Wie aber konnte es soweit kommen? Die Nachfrage deutscher Konsumenten ist seit Jahren relativ stabil, Wachstum hierzulande ist kaum möglich. Deshalb schielen die deutschen Milchbauern auf den Weltmarkt. Schon heute exportieren sie etwa die Hälfte der Produktion. Und wenn im nächsten Jahr die Fesseln der lästigen Milchquote endgültig fallen, wird ihnen die Ausfuhr noch leichter fallen. Dann darf jeder so viel melken wie er mag. Weil sich viele Milchviehhalter davon gute Geschäfte versprechen, haben sie sich bereits mehr Tiere angeschafft und liefern mehr Milch.
Freiheit bedeutet Unsicherheit
Doch die neue Freiheit hat eben auch ihren Preis. Die Milchbauern setzen sich mit ihrer Exportorientierung stärker dem Auf und Ab des freien Marktes aus. Genau dessen Schwankungen bekommen sie nun zu spüren, politische Konflikte lassen die Nachfrage am Weltmarkt sinken. Das ist bedauerlich für die Landwirte, die gerade viel Geld in den Ausbau ihrer Ställe gesteckt haben. Doch sie werden mit solchen Risiken leben müssen, wie viele andere Unternehmer in diesem Land auch.

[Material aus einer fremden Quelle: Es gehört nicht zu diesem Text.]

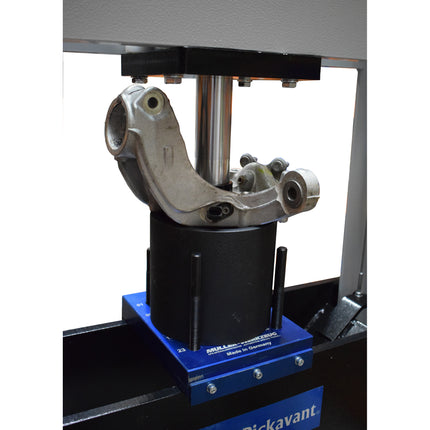 vehicle component being pressed with a hydraulic press, whlist being held in place by the press ring sat on a press block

Scheinheilig ist es aber, wenn der Bauernverband dem Handel, und damit eben auch den Verbrauchern, wieder einmal die Schuld für den Preisverfall in die Schuhe schieben will. Schließlich ermuntert er die Milchbauern seit Jahren, sie sollten sich fit für den Weltmarkt machen. Statt mit dem Finger auf andere zu zeigen, sollte der Verband dafür nun auch die Verantwortung übernehmen.